Final Project

Introduction

Data

The data is an extraction of Chess Game data, which was collected from Lichess.org using Lichess API (which enables collection of any given users game history) by Mian Faisal. The full dataset is available on Kaggle.

Initial modification made to the original data set

Only included data for rated chess games.
Replaced their created_at and last_move variables with game_time, which shows the time it takes to finish the game in seconds.
Added move_time, which shows the maximum game time (in seconds) allowed at the beginning, and increment, which shows the added time after each move (in seconds).
Added the rating differences rating_dif, which is rating of player playing white minuses rating of player playing black.
Removed all the duplicates.
Only included the generic categories of opening games, instead of having specific variations.

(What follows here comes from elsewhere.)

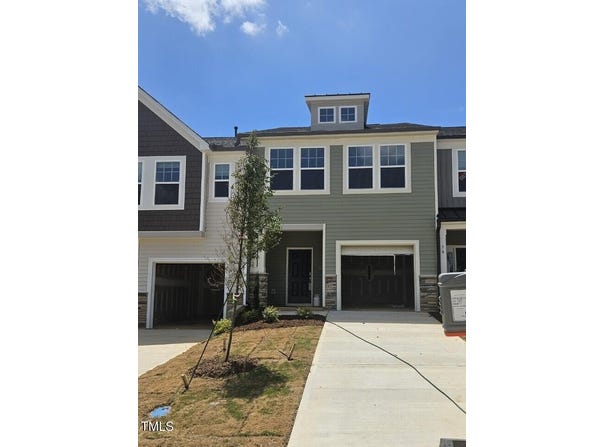 40 Honeydew Way, Clayton, NC 27520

There are 4515 entries, 17 variables.

library(readr)
ChessData <- read_csv("~/Documents/Math_248/F22/Project/ChessData.csv")

The variables are:

id : unique game ID
game_time : time it takes to finish the game (in seconds)
turns : number of turns in the game (a turn is completed when both black and white have moved)
victory_status : how the game ended (black wins, white wins, draw)
winner : game result
move_time : maximum game time (in seconds) allowed at the beginning
increment : added time after each move (in seconds)
increment_code : codes corresponding to different total allowed game time with increments
white_id : player playing white’s ID
white_rating : player playing white’s Glicko-2 rating
black_id : player playing white’s ID
black_rating : player playing white’s Glicko-2 rating
rating_dif : rating of player playing white minues rating of player playing black
moves : list of all moves needed to end the game
opening_eco : ECO code corresponding to the chess opening moves used.
opening_name : chess opening strategy used
opening_ply : number of moves in the opening phrase

Research Idea

We will predict the chess game result winner for a player given the color they will play, and other appropriate predictors.

Potential Predictors

rating_dif, game_time, turns, opening_name, victory_status, move_time

library(ggplot2)
library(gridExtra)
grid.arrange(
  (ggplot(data=ChessData, aes(x=game_time, y = winner)) +
  geom_violin(draw_quantiles = c(0.25, 0.5, 0.75))),
  
  (ggplot(data=ChessData, aes(x=move_time, y = winner)) +
  geom_violin(draw_quantiles = c(0.25, 0.5, 0.75))),
  
  (ggplot(data=ChessData, aes(x=turns, y = winner)) +
  geom_violin(draw_quantiles = c(0.25, 0.5, 0.75))),
  
  (ggplot(data=ChessData, aes(x=opening_name, fill=winner)) +
  geom_histogram(stat = "count", position = "fill")),
  
  (ggplot(data=ChessData, aes(x=opening_name, fill=winner)) +
     geom_histogram(stat = "count")),
  
  (ggplot(data=ChessData, aes(x=victory_status, fill=winner)) +
     geom_histogram(stat = "count", position = "fill")),

  (ggplot(data=ChessData, aes(x=rating_dif, y=winner)) +
  geom_violin(draw_quantiles = c(0.25, 0.5, 0.75))),

nrow=4)

For game_time and victory_status, there do not seem to be clear differences given different outcomes of winner.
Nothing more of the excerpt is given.